Morphological intelligence (Levin, 2022) is the ability to solve problems in the morphological space, e.g., navigate to a target morphology of the species. For example, tadpoles with scrambled craniofacial organs remodel into largely normal frogs (Vandenberg et al., 2012), and geckos can regenerate missing limbs.

Another type of morphological intelligence is the ability to remodel oneself for the purpose of solving a different task in the 3D (traditional behaviour) space. An example is insect metamorphosis, which insects undergo to spread, find mating partners, and reproduce.

If we assume consciousness functionalism, undergoing a metamorphosis for the purpose of achieving a psychological goal of experiencing another agent’s qualia and emotions should be a possible feat for an AI which is at least as powerful as to be able to perform whole brain emulation (or, perhaps, whole organism emulation) and then live through an episode of the organism’s life in a simulated environment.

It’s unclear whether it is possible to retain and be able to retrieve a conscious memory of “what is it like to be a bat” (or human, or another form of AI) after the AI remodels itself back into its “base” morphology. The retention of symbolic or “indexical” memories should be possible (Hammelman et al., 2016), but the minimal physicalism theory of consciousness (Fields et al., 2021) suggests that interpreting any state (including recorded memories) through morphologically different computational networks (quantum reference frames) entails different conscious experiences[1].

Regardless, even if retaining the memory of qualitative experience through morphological remodellings is impossible, it should be possible for the AI to emulate the brains of two organisms of different species at the same time and integrate them into a single conscious experience. This AI could live through a simulation episode with the experiences of two organisms that we want to weigh (for the purposes of ethical decision-making) both happen at the same time, e.g., a fish being caught and killed, and a human enjoying eating that fish in a restaurant. Then, we can ask this AI whether killing fish for people’s pleasure is moral or not (provided that the AI is also equipped with a scale-free theory of ethics).

Therefore, given the human brain’s low capability for morphological remodelling and thus low capacity for empathy on the absolute, non-speciesist scale, it seems ethically inappropriate that humans remain “in the driving seat” in what comes to ultimate moral decision-making in the future advanced civilisation.
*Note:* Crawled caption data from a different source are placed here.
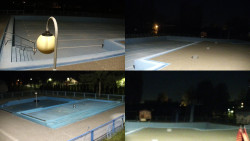 Areál koupaliště Hulín - sdružené snímky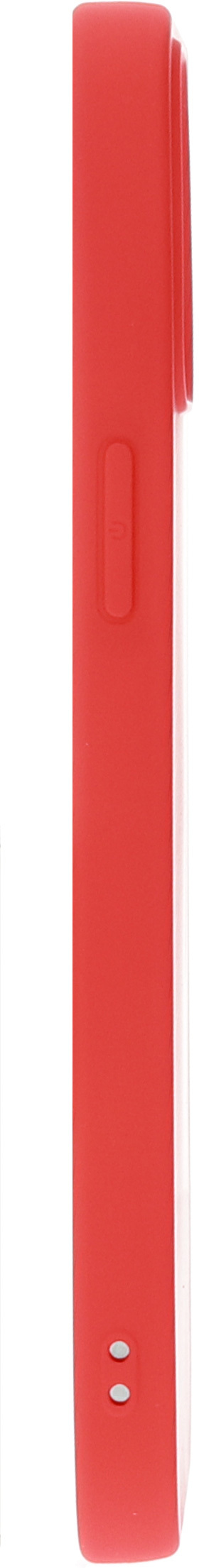 Mobiparts Silicone Cover Apple iPhone 12 Pro Max Scarlet Red – image 4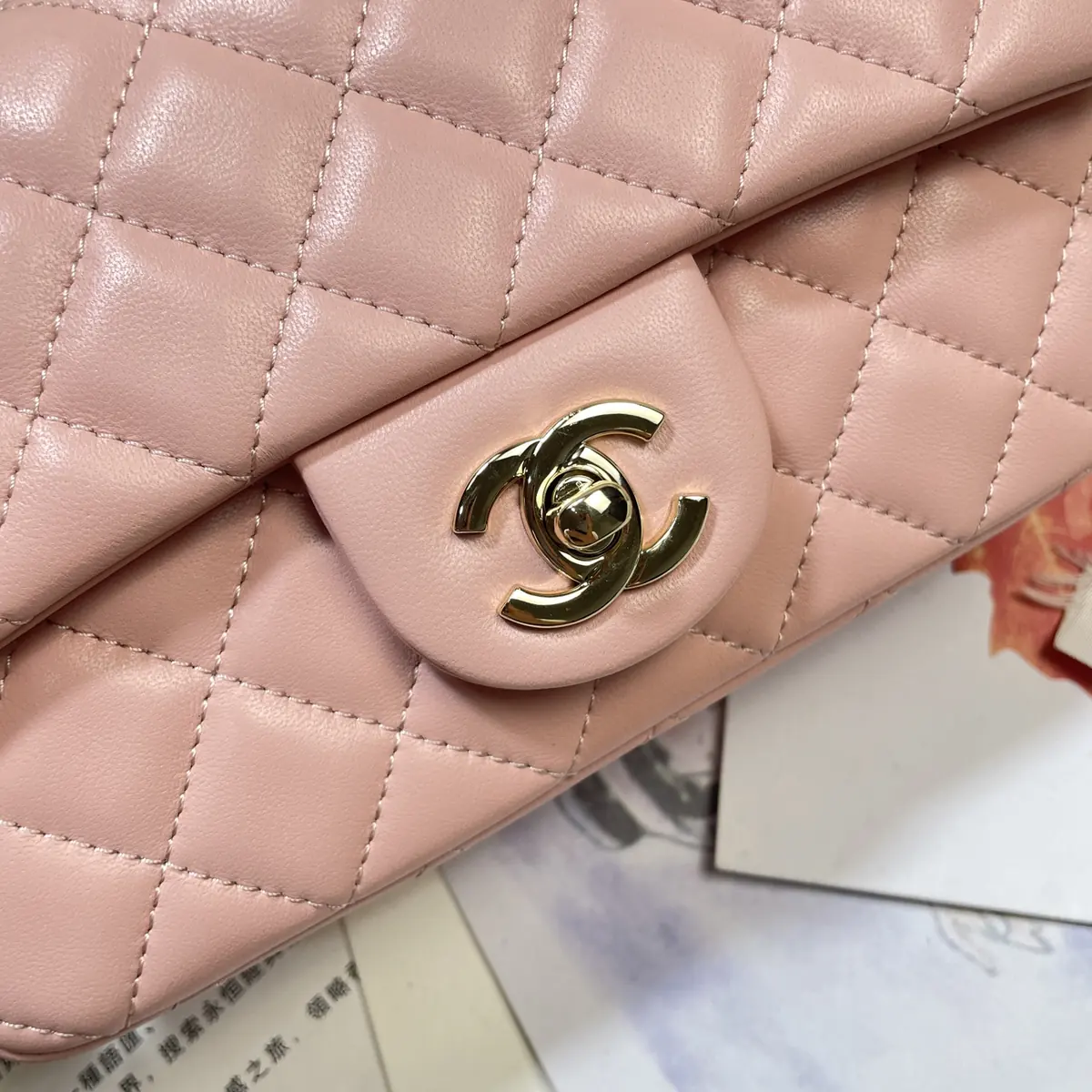 Chanel Style Pink Shoulder Bag Lookbook Reference image 5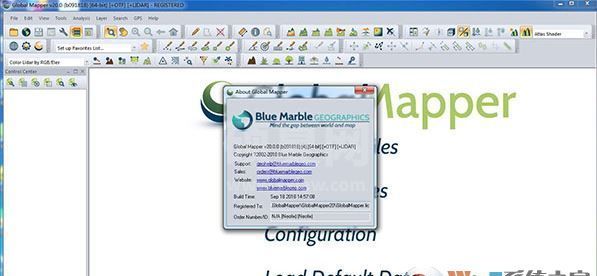 20破解版_Global Mapper v20.0破解版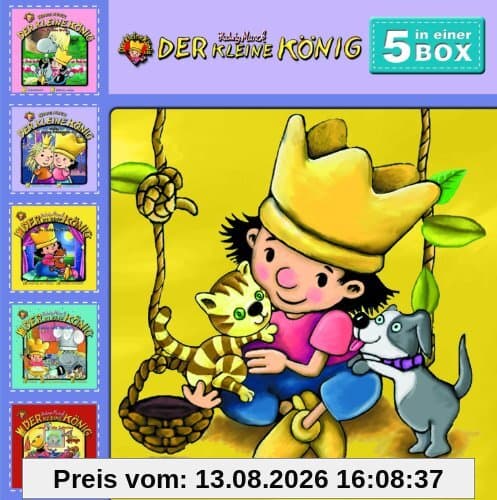 Der Kleine König - 5-CD Hörspielbox Vol. 1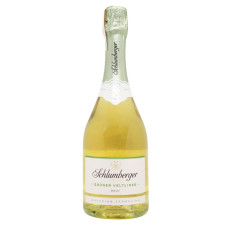 Вино ігристе Schlumberger Gruner Veltliner біле брют 12% 0,75л mini slide 1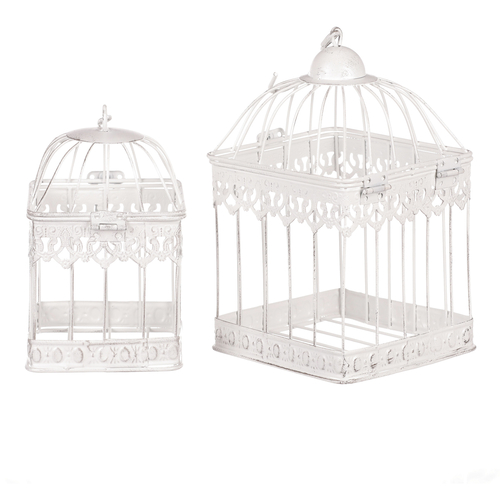 Klec kovová, sada 2ks.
This also casts doubt on the idea of “coherent extrapolated volition”, which would, as usually conceptualised, be incapable of extrapolating beyond the human capacity for universal empathy[2].

References

Fields, C., Glazebrook, J. F., & Levin, M. (2021). Minimal physicalism as a scale-free substrate for cognition and consciousness. Neuroscience of consciousness2021 (2), niab013.
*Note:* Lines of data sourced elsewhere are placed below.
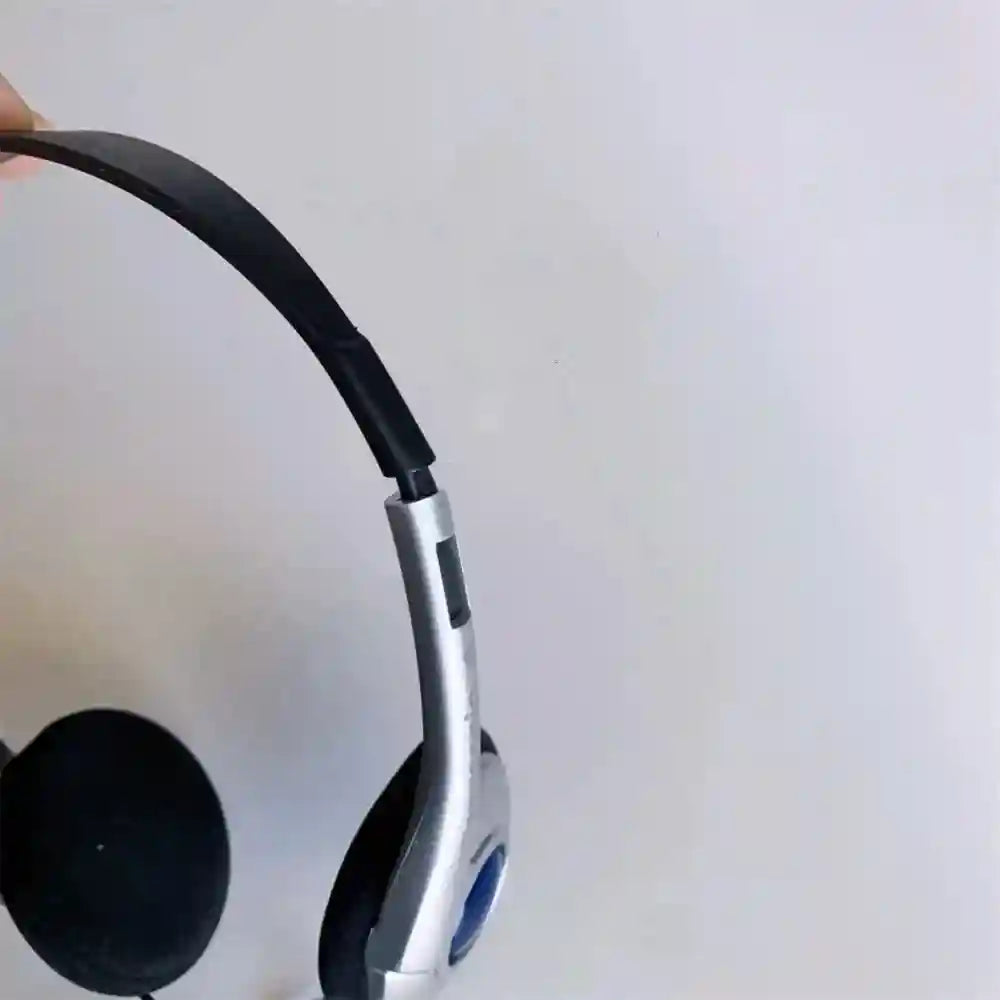 Retro Wired Over-Ear Headphones Y2K Style - Tidesmit Audio Tidesmit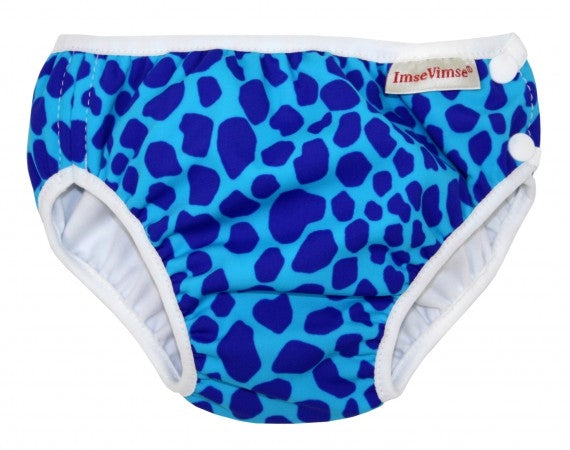 Babybadbyxa Blue Leopard, Imse Vimse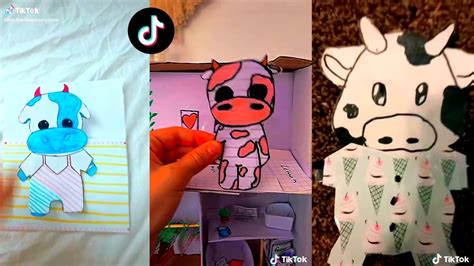 Paper Animals Tiktok Compilation 71 Youtube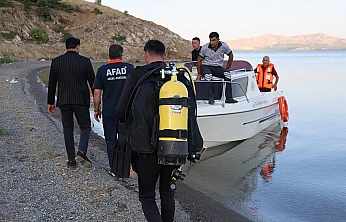 Elazığ'da Yüzmek için göle giren çocuk kayboldu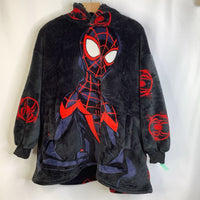 Size 7-9: Marvel Spider-Man Pull-Over Hoodie/Poncho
Hammelman, J., Lobo, D., & Levin, M. (2016). Artificial neural networks as models of robustness in development and regeneration: stability of memory during morphological remodeling. Artificial Neural Network Modelling, 45-65.

Levin, M. (2022). Technological approach to mind everywhere: an experimentally-grounded framework for understanding diverse bodies and minds. Frontiers in Systems Neuroscience, 17.
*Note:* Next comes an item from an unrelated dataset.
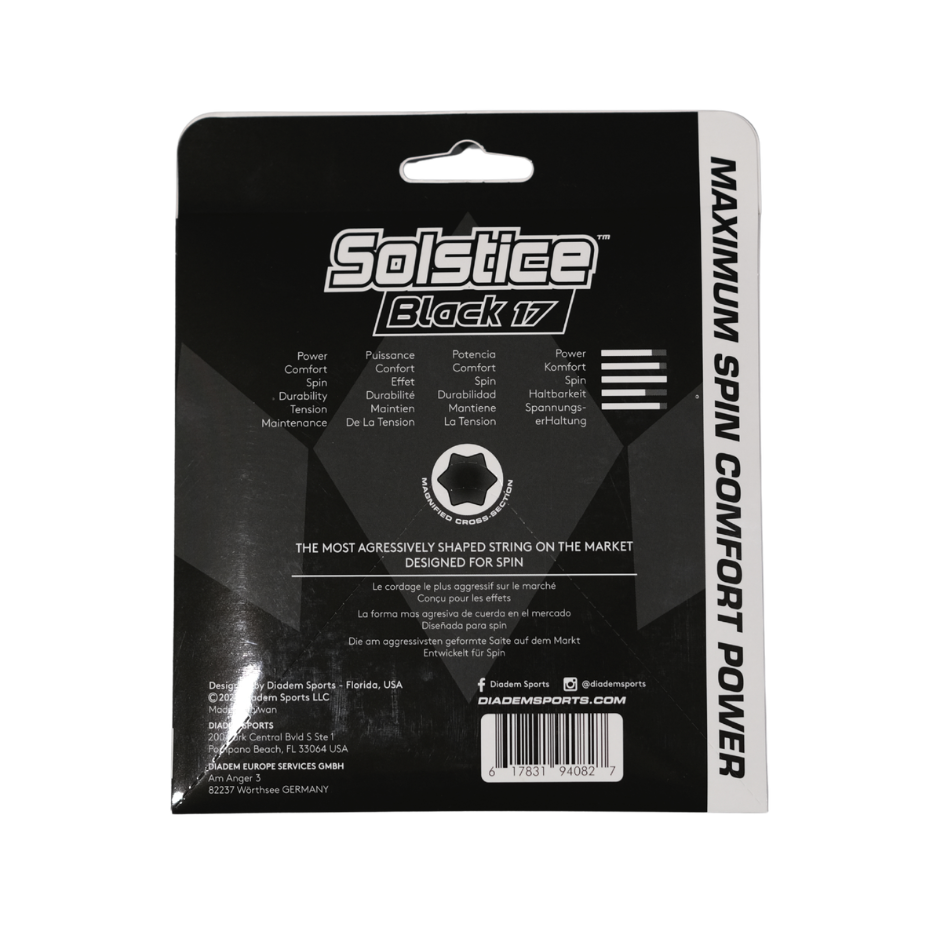 Diadem Solstice Black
Vandenberg, L. N., Adams, D. S., & Levin, M. (2012). Normalized shape and location of perturbed craniofacial structures in the Xenopus tadpole reveal an innate ability to achieve correct morphology. Developmental Dynamics241 (5), 863-878.

  1. ^

    Note: this is my interpretation of the minimal physicalism theory, not a statement made by the authors of the theory.

  2. ^

    This is not my only reason to think that CEV doesn't make sense. Other huge (and, as it seems to me, irreparable) problems with CEV are the open-endedness of the civilisational journey and the inherent contextuality of ethical inferences and moral value.